Return the data below exactly, please, but drop the pictures.

Data extract Block Start

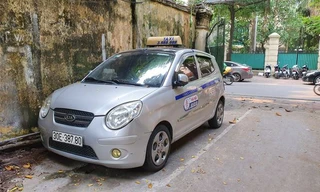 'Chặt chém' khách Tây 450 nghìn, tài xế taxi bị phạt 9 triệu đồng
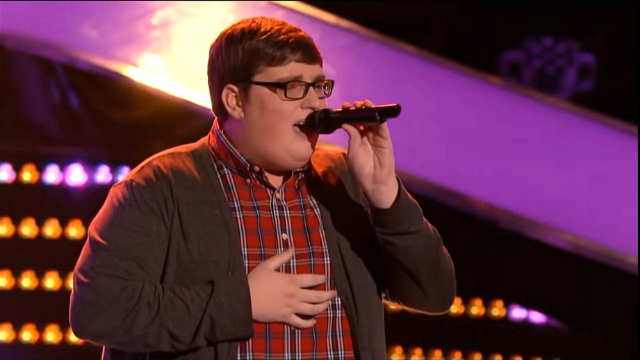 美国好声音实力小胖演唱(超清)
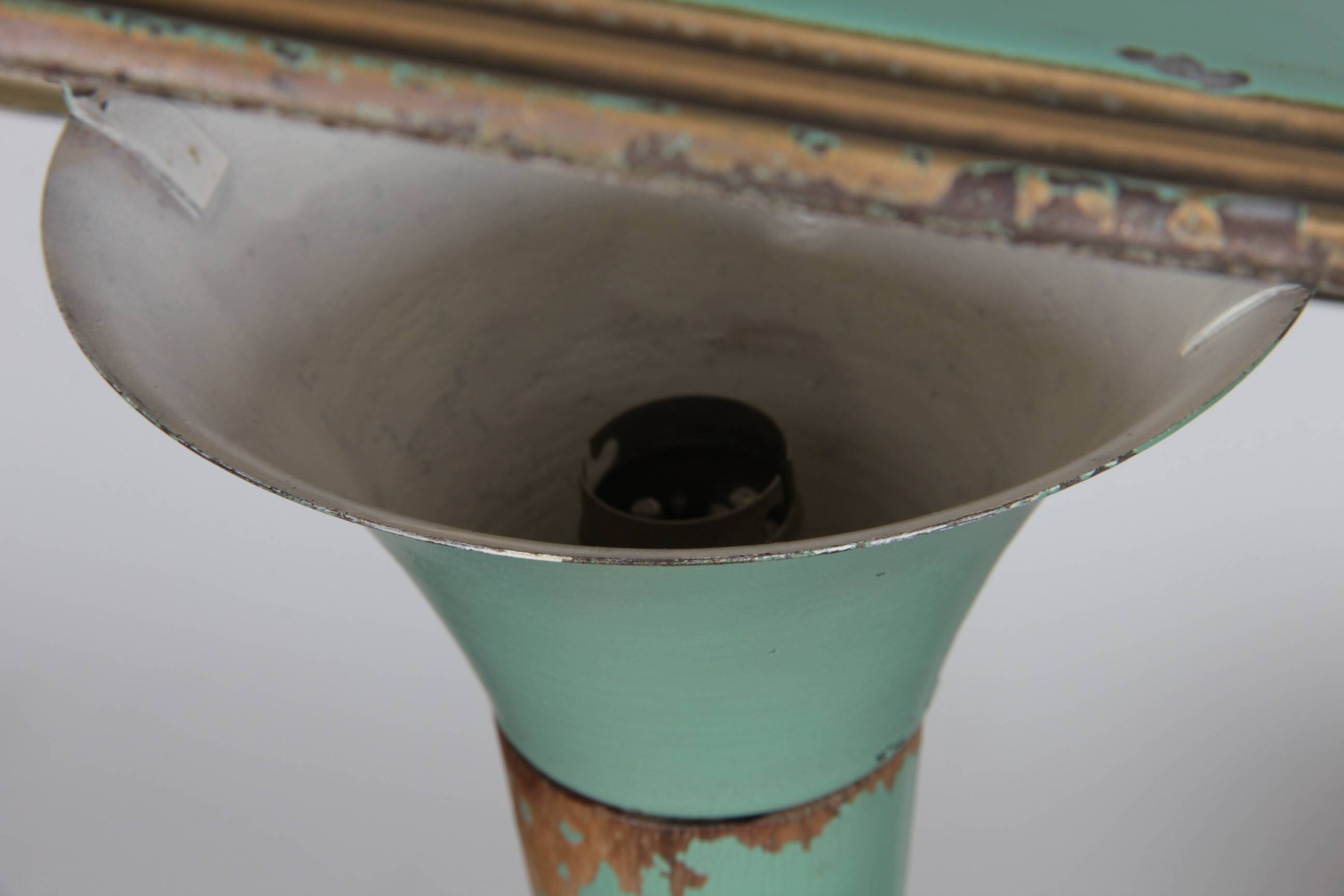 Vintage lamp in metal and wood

Data extract Block End

Solution below -
 'Chặt chém' khách Tây 450 nghìn, tài xế taxi bị phạt 9 triệu đồng
 美国好声音实力小胖演唱(超清)
 Vintage lamp in metal and wood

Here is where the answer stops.